経産省、「データ契約ガイドライン検討会」を開催
−−「データの利用権限に関する契約ガイドラインver1.0」の全面的な改訂に向けて−−
経済産業省は12月8日、「データ契約ガイドライン検討会」(座長=渡部俊也・東京大学政策ビジョン研究センター教授)の第1回会合を開催した。

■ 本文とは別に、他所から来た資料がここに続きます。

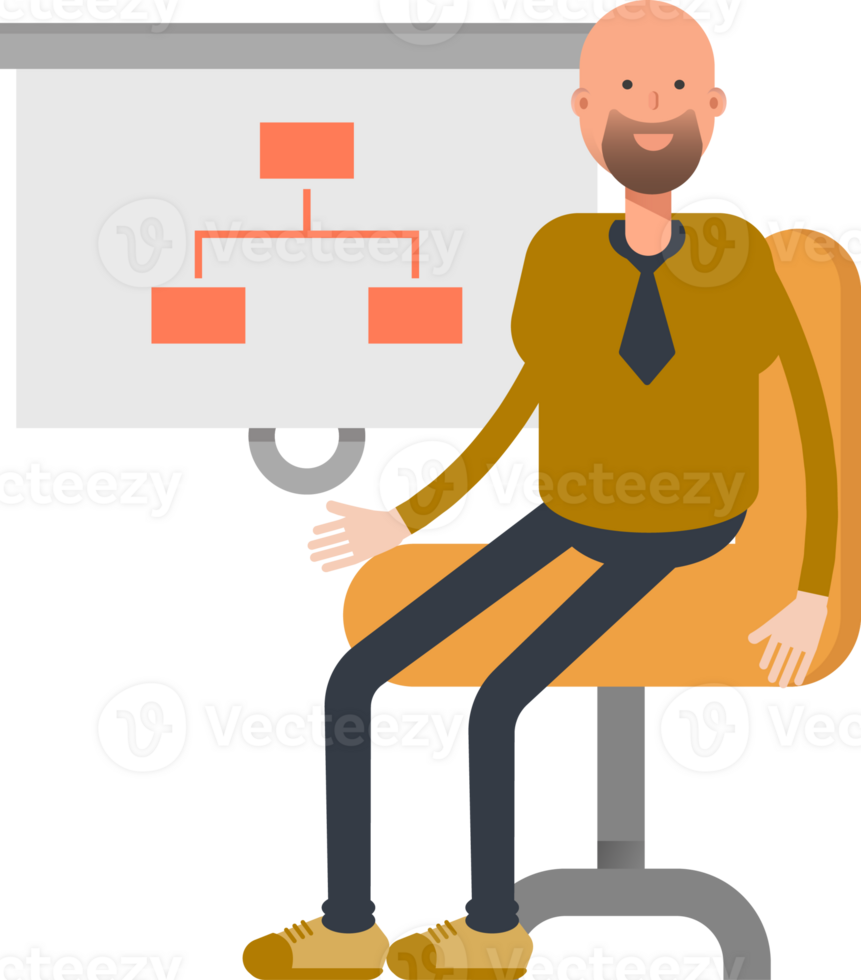 Bald Businessman Character Presenting Organization Chart png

経産省では、事業者間でデータの利用権限が明確となっていないためにデータ流通が進まないという課題を解決するため、5月30日に「データの利用権限に関する契約ガイドラインver1.0」を公表していたところである(後掲参照)。今般、経産省は、契約によるデータの適切な利用やAIに係る責任関係・権利関係を含む法的問題への対応、さらには関連する知的財産に関する問題の整理等、下記の項目の調査・検討を行うとともに、これらの検討等を踏まえて同ガイドラインの改訂を行うため、本年12月から来年3月末まで、「データ契約ガイドライン検討会」を開催することとしたものである。
◯主な検討項目
- • データやAIの利用・共用のための事業者間における契約モデルや契約条件の整理
- • 事業者間のデータ共用のための個別取引やビジネスモデル等の深掘り、ユースケースの充実化等
なお、同検討会の下には、弁護士等の専門家から構成されるワーキンググループ「データ契約ガイドライン検討会作業部会」を設け、事業者から持ち込まれるユースケースを基にデータやAI活用に係る契約での取決め方法等を具体的に検討し、同ガイドラインの改訂案を作成することとしている。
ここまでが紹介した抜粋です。